Le vainqueur de l'élection présidentielle sortira de ce trio digne de confiance. Il lui appartiendra de ne pas s'enfermer pour l'avenir immédiat dans le seul cadre de son parti pour gouverner.Cela correspond à l'attitude classique de certaines vieilles démocraties (avec gouvernement-opposition). En Guinée, nous sommes encore à l'étape du démarrage de la Démocratie, encore loin de l'étape de la maturité. Pour avoir des chances de réussite pour la Guinée, je pense que chacun des principaux acteurs a déjà pensé à la formule du gouvernement d'unité nationale, seule formule susceptible de conduire à l'apaisement social général , source de progrès pour tous. Aussi l'appel à ce gouvernement doit-il être plus large que l'entourage des trois grands partis que je viens de citer.Des compétences variées existent ailleurs, et même dans des petits partis.On a d'ailleurs constaté que si l'actuelle Transition qui n'a pas manqué de critiques a tout de même relativement bien marché, c'est qu'elle a été assise sur ce souci d'unité nationale.On doit donc globalement rendre hommage aux quatre acteurs principaux de cette Transition:le Général Sékouba Konaté à la Présidence intérimaire, Jean-Marie Doré à la Primature, Rabiatou Sérah Diallo au CNT et Sékou Sylla à la CENI. Cet hommage doit être rendu non pas en termes emphatiques mais pour dire que nous venons de loin.Pourvu que la suite des choses se passe convenablement.

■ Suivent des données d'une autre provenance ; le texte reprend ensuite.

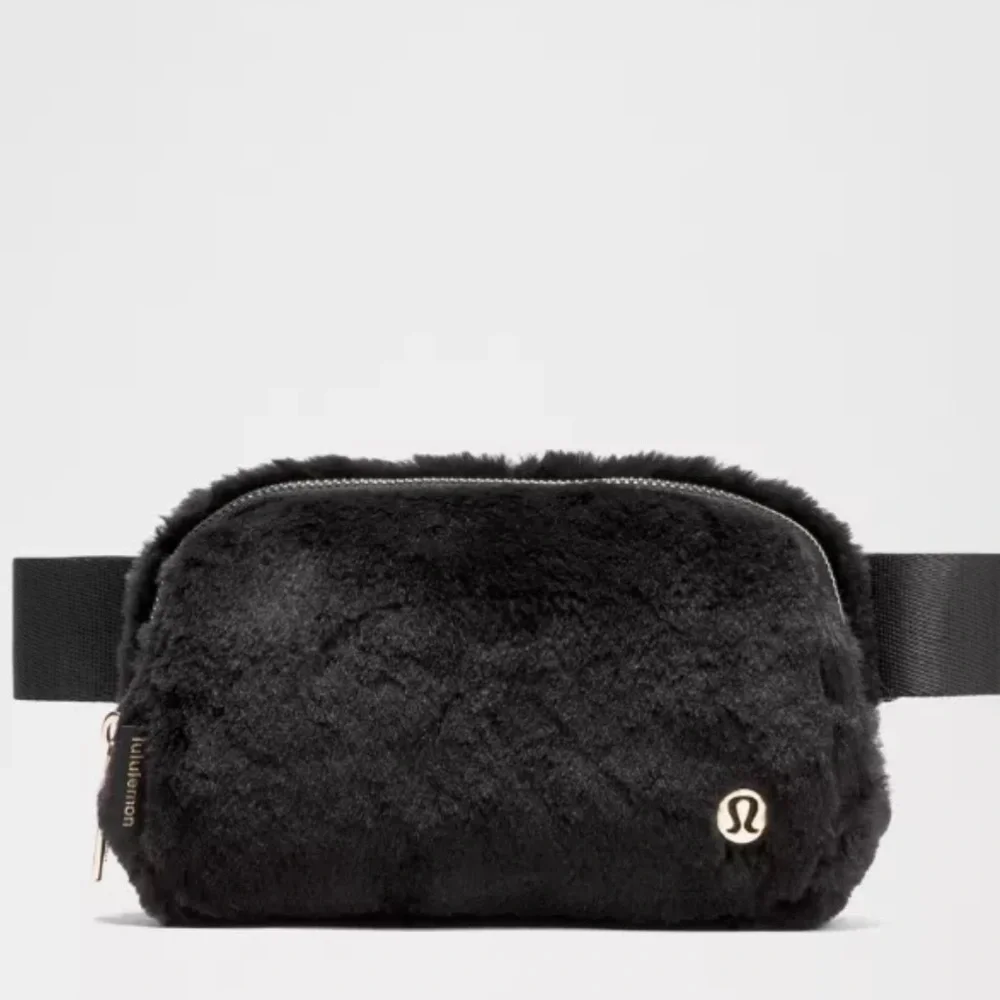 Lululemon Everywhere Belt Bag Plush Fleece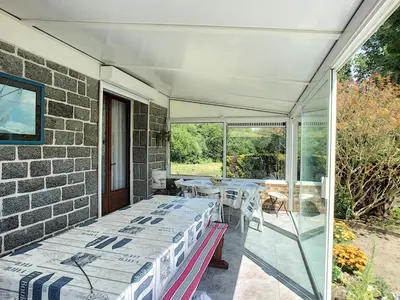 Balcon ou terrasse dans l'établissement Maison calme avec jardin, véranda, proche plage et commerces - FR-1-361-145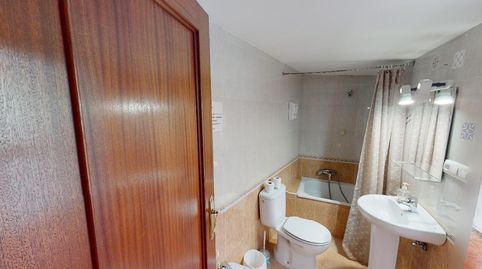 Foto 3 de Edificio en venta en C/ Doctor Civera, San Bartolomé - Millán de Priego, Jaén Capital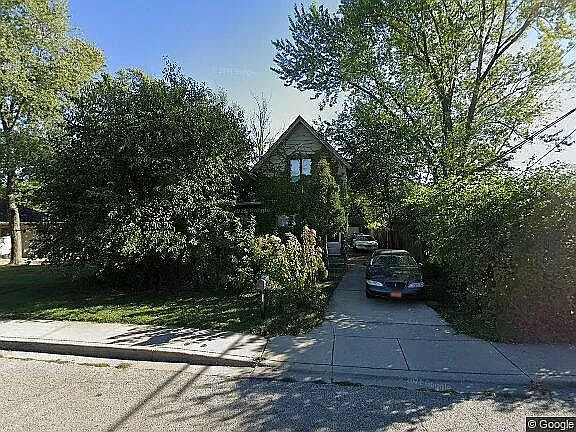 835 Adams St photo 1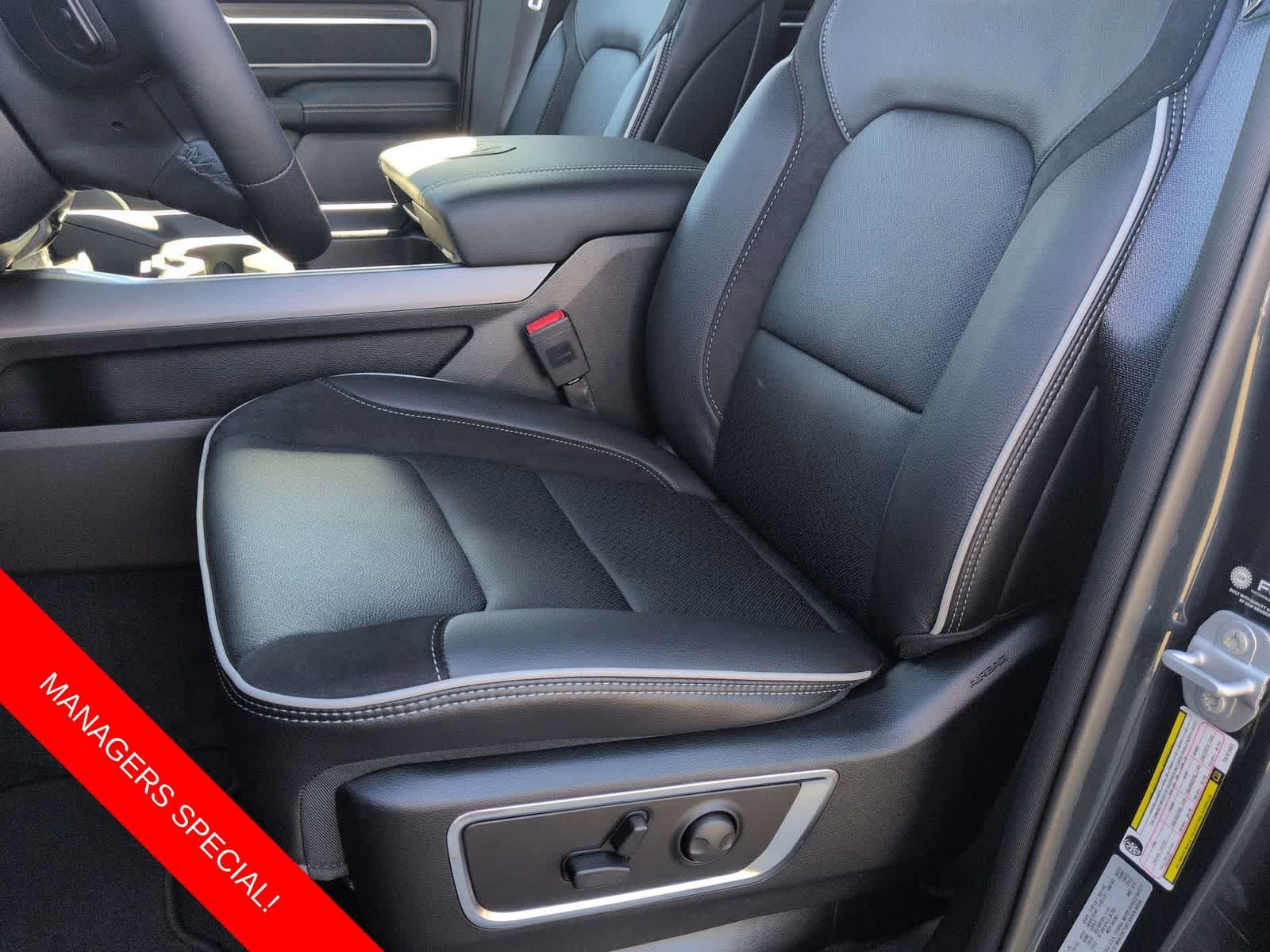 Thumbnail: 2026 RAM 1500 - 15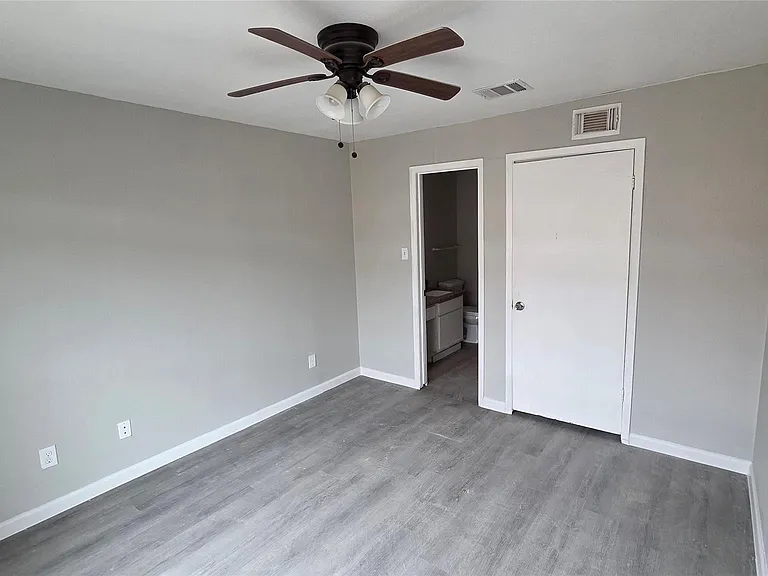 18800 Egret Bay Blvd #106 — Photo 7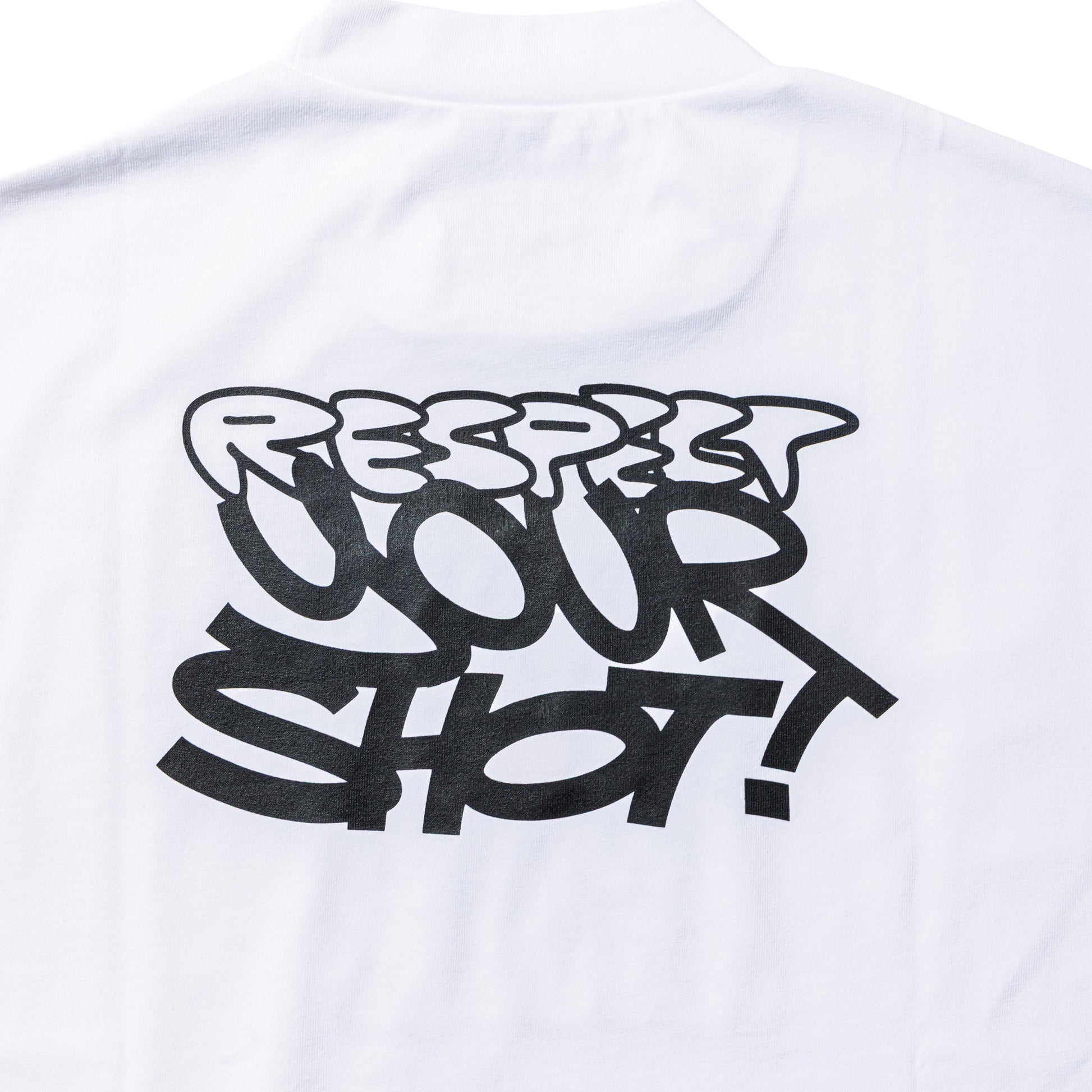 【YORF】グラフィックロゴ モックネック WHITE（ZZYRF-1086130303）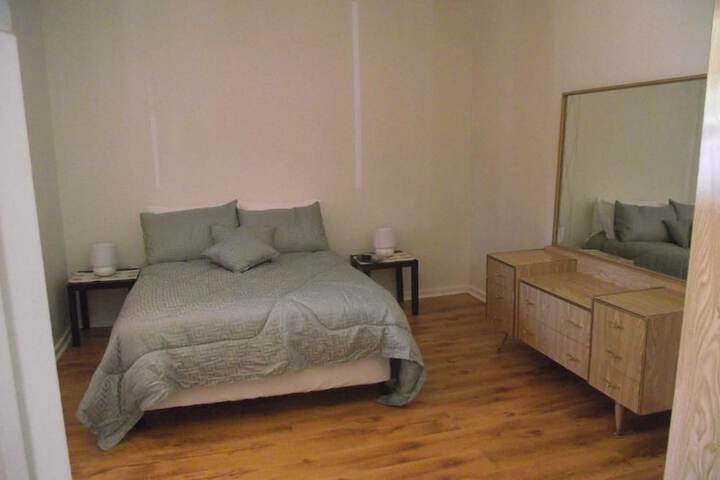 Room 4 of 11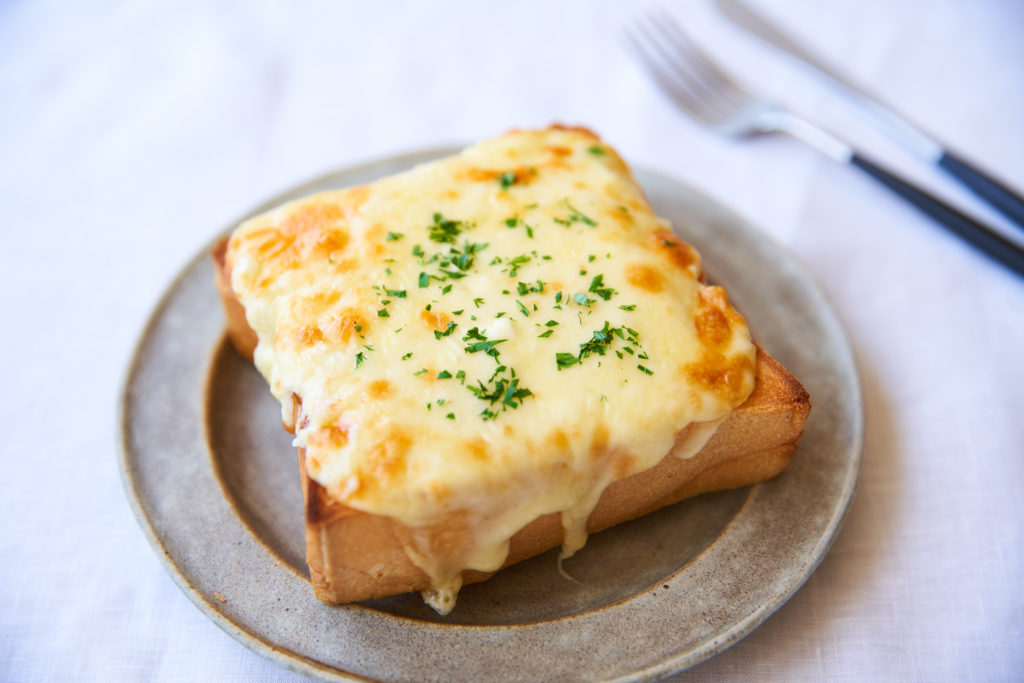 とろ〜り絶品、究極のチーズトースト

Enfin un dernier mot pour le nouveau Président au sortir du 2e tour.Il faudrait que son entourage désigne un agent modeste, assis dans l'ombre du nouvel élu célébrant sa victoire et qui sera chagé de lui répéter à l'oreille quelques mots cités dans l'histoire de l'Antiquité romaine. Lorsqu'un Général romain était de retour à Rome après une éclatante victoire sur des Gaulois, Germains et autres Wisigoths, un défilé de chars était organisé en son honneur avec des comme trophées traînés derrière, des dépouilles ou des chefs ennemis vaincus. C'est alors que le serviteur accroupi derrière le Général triomphant lui soufflait de temps en temps à l'oreille: “Général, souviens-toi que la gloire est éphémère, seuls demeurent les actes”.